Ukraine on Wednesday warned that many parents were not getting their children vaccinated against infectious diseases such as measles during the coronavirus pandemic, risking a loss of herd immunity.
In recent years, the post-Soviet country has had one of Europe’s low vaccination rates, partly due to a vocal anti-vaccination movement. It has experienced major outbreaks of measles.
The health ministry said the measles vaccination rate had dropped significantly this year, increasing the risk of a new outbreak of the disease.
“If we continue to vaccinate at the current rate, by the end of the year we will have 78 percent” of children vaccinated, said Deputy Health Minister Viktor Lyashko. This fell far short of the recommended 95 percent, he said.
Lyashko warned that such a rate would not be enough to develop “collective immunity” against measles.

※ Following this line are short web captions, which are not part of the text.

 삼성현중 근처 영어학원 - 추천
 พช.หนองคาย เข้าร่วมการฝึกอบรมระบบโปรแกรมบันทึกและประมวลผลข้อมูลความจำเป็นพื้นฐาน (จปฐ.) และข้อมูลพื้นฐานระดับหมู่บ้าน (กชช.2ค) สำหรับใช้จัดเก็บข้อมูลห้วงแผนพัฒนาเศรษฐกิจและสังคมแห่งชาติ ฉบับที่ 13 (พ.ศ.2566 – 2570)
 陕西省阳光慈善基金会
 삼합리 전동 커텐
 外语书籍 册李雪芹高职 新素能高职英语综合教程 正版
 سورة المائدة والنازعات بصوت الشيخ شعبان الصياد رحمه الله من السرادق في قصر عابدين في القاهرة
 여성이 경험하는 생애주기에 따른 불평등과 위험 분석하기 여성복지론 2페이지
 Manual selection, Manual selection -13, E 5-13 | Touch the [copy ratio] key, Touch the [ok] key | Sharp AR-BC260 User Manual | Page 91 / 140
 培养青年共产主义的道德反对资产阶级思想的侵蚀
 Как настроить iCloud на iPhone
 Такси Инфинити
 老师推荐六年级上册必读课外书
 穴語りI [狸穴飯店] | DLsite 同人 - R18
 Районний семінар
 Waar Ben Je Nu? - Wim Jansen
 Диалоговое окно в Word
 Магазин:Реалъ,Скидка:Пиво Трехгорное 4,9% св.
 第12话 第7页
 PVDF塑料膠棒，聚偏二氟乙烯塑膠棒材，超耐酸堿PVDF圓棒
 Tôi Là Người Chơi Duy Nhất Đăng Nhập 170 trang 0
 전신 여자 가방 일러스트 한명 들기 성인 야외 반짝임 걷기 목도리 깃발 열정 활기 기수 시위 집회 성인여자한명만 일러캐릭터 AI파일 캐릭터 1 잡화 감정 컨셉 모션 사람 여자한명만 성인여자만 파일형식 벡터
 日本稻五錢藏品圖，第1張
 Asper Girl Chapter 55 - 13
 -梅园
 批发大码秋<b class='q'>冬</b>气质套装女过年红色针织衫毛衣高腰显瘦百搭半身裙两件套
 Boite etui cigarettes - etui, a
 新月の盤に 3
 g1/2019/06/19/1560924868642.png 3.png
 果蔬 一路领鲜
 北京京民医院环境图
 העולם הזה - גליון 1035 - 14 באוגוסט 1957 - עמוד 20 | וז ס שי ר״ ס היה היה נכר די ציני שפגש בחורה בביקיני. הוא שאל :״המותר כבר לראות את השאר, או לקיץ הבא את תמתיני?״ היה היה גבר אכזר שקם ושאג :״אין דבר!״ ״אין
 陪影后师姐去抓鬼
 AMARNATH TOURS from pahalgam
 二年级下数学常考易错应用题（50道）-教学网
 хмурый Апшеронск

“If we do not use preventative vaccination, we risk ending up with outbreaks of vaccine-preventable diseases,” he said.
Measles, which is highly contagious, is entirely preventable through a two-dose vaccine.
The vaccination rate dropped significantly in the first months of the year due to quarantine measures imposed to slow the spread of the coronavirus.
It increased slightly after lockdown restrictions were eased in late May and early June.
Between 2017 and 2019, Ukraine was among the countries most affected by measles.
More than 115,000 Ukrainians contracted the highly contagious disease and 41 died of it, according to official statistics.
Over the course of 2019, more than 93 percent of one-year-old children were vaccinated against measles.